When custodial parents relocate, the non-custodial parent almost always suffers. Typically they lose the frequent contact with the minor child that helps sustain most parent-child relationships. The ability of the non-custodial parent to observe or participate in the child’s school and extracurricular activities greatly diminishes. When a child lives hundreds of miles away, midweek visitation ends and weekend visitation becomes harder–if only because of the significant travel imposed. When the child lives even further away, weekend visitation diminishes to occasional weekends when the non-custodial parent can travel to the area where the child resides.
However, the family court will rarely impose the burdens of relocation on a non-custodial parent without offering some benefits. Typically these benefits include more time during summer and every, rather than every-other, spring break. Sometimes these parents will get a break on child support due to the increased travel expenses. Because weekend visitation will now often require the non-custodial parent to take a few days off of work and travel to the custodial parent’s location (and budget for meals and housing) the family court will grant the non-custodial parent flexibility in choosing visitation weekends. Knowing this, custodial parents–or at least their attorneys–will often offer more time at summer, more flexibility on weekend visitation, and a reduction in child support as an inducement for the non-custodial parent to agree to the relocation.
The new status quo after the relocation rarely leaves non-custodial parents happy: they didn’t propose or desire the relocation and any concessions gained to obtain their consent to the relocation rarely outweigh the loss in their relationship with the child. Yet, from my experience in representing both custodial and non-custodial parents after such relocations, the custodial parent is often equally unhappy. Their perception is that they shouldn’t have had to give up anything to obtain permission to relocate and they frequently complain about the other parent’s reduced child support obligation, extensive summer visitation, and flexibility in choosing weekends to visit.
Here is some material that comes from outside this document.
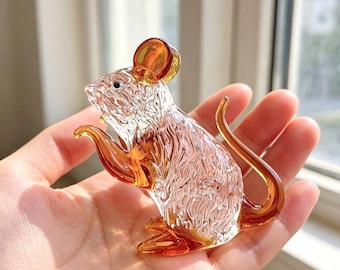 Figura de rata de cristal, estatua de ratón de cristal, mini adorno decorativo de mesa, regalo de decoración artesanal para el hogar y la oficina.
When custodial parents are unhappy with these visitation concessions, they often find ways to sabotage the non-custodial parent’s visitation. I am often retained by non-custodial parents to enforce visitation provisions that the custodial parent granted as a condition to relocation but which they are not happy about. Some of my most successful contempt proceedings have involved custodial parents searching for reasons to deny the extended summer and holiday visitation that is typically part of a relocation agreement, or seeking to impose conditions on what is supposed to be flexibility in the non-custodial parent’s right to select weekends to visit. The family court, seeing clearly that the custodial parent is seeking justifications to limit what is already a limited visitation schedule, rarely hesitates to sanction these visitation-denying custodial parents. In my experience, these cases are the ones in which the court is most likely to impose criminal contempt sanctions on custodial parents.
It is human nature to fret about what we have lost rather than to treasure what we have gained. That relocating custodial parents complain about the concessions they have made to obtain the relocation isn’t surprising. However, most often, the best counsel that an attorney can provide such parents when they complain about the new visitation schedule is that it was “the price of relocation” and that they should live with it and learn to accept it.